#495: Ik zie ik zie wat jij niet ziet

De baan die voor vele scenarioschrijvers inspiratie biedt, is er één waar in de realiteit over gezwegen wordt. Iedereen kent James Bond, The Americans, the man from U.N.C.L.E. en, vooruit, Austin Powers. Maar niemand kent een echte. Althans, niemand realiseert zich dat hij een echte kent, zoals de serie The Salisbury Poisonings ook pijnlijk duidelijk maakt. En dat is ook logisch. Een spion werkt ónder de radar. In de huidige roerige tijden waarin de contouren van de wereldorde vervagen en verschuiven, is dit thema actueler dan ooit. Het is dan ook niet verwonderlijk dat een wetswijziging om de strafbaarstelling van spionage uit te breiden op handen is.

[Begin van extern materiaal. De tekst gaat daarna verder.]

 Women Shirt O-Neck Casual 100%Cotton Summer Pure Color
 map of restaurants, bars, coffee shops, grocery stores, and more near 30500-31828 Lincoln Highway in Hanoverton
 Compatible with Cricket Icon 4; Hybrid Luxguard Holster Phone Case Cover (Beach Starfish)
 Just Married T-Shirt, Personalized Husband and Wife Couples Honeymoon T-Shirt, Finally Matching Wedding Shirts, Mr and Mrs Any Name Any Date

Op 28 februari 2022 – vier dagen na de Russische invasie in Oekraïne – verscheen een nieuw wetsvoorstel om de strafbaarstelling van spionage uit te brengen. Als achtergrond wordt benoemd dat er verschillende ontwikkelingen zijn die hiertoe aanleiding hebben gegeven. “Zo zijn er […] nieuwe spelers op het wereldtoneel verschenen, die met allerlei middelen en steeds assertiever hun eigen belangen proberen te behartigen. Met de digitalisering neemt ook de digitale spionage een vlucht.” Ook diasporaspionage wordt genoemd: “Bij deze vorm proberen buitenlandse overheden invloed uit te oefenen binnen gemeenschappen in Nederland die uit die landen afkomstig zijn. Binnen deze gemeenschappen worden tegenstanders en critici van buitenlandse overheden de mond gesnoerd of onder druk gezet om anderszins mee te werken.” Om te voorkomen dat Nederland achter komt te lopen bij omringende landen en daarmee een aantrekkelijk doelwit wordt, moet Nederland nu ook verdere stappen zetten. Spionage en sabotage van statelijke actoren worden geduid als het grootste digitale risico voor de nationale veiligheid.

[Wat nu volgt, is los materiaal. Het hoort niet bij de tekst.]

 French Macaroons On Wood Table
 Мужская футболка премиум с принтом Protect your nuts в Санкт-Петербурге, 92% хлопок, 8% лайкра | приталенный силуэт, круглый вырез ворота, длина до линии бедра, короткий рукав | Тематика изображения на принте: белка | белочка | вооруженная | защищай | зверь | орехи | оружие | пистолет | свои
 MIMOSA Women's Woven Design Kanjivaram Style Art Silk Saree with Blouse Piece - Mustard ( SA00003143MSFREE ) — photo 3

Het Wetboek van Strafrecht bevat strafbaarstellingen over het schenden van staatsgeheimen. Daarnaast kan ook het verkrijgen van niet-geheime informatie door te hacken onder diefstal of verduistering vallen. Maar er zijn situaties denkbaar waarin iemand rechtmatig over niet-geheime informatie beschikt en die vervolgens aan een buitenlandse mogendheid verstrekt (terwijl dat niet de bedoeling is). Dat is op dit moment niet strafbaar, terwijl het volgens de toelichting op het wetsvoorstel zwaarwegende belangen van Nederland, Nederlandse bondgenoten, volkenrechtelijke organisaties of burgers kan schaden. Het wetsvoorstel beoogt verschillende strafrechtelijke bepalingen uit te breiden met de strafbaarstelling van het verrichten van handelingen voor of verstrekken van inlichtingen aan een buitenlandse mogendheid, terwijl de pleger weet dat daarvan “gevaar is te duchten” voor Nederland of de andere benoemde partijen.

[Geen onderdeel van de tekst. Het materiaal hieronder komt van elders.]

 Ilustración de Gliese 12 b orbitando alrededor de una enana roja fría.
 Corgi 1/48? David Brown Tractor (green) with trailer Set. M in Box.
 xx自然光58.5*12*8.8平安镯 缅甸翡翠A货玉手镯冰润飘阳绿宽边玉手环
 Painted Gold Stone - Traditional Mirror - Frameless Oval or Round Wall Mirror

In het recent gepubliceerde advies over het wetsvoorstel is de Raad van State kritisch. Kortgezegd richt de Raad van State zich vooral op het bestanddeel “handelingen ten behoeve van een buitenlandse mogendheid”. Deze term kan volgens de Raad van State allerlei handelingen omvatten, “zoals het verspreiden van desinformatie, het beïnvloeden van besluitvorming en het intimideren van bevolkingsgroepen”. De Raad van State adviseert om die reden de strafbare handelingen zo nauwkeurig mogelijk af te bakenen. Deze kritische noot van de Raad van State is volgens ons terecht. In de Memorie van Toelichting bij het wetsvoorstel lijkt onvoldoende oog te zijn voor de werkzaamheden voor buitenlandse mogendheden van bijvoorbeeld verschillende ambassades in Nederland, net als voor verdere werkzaamheden in het diplomatieke domein. Met enige creativiteit zouden vele (gewone en rechtmatige) werkzaamheden onder de reikwijdte van het conceptdelict kunnen vallen. Uiteraard moet dan ook nog sprake zijn van wetenschap bij de verdachte dat “gevaar te duchten” is van deze gedragingen. Dit bestanddeel is niet eenvoudig te bewijzen, dus het zal niet zomaar tot een bewezenverklaring leiden. Maar dan nog is het van belang om de beoogde strafbare handelingen beter te duiden. Juist om te voorkomen dat het doel van de nieuwe strafbepaling wordt bereikt.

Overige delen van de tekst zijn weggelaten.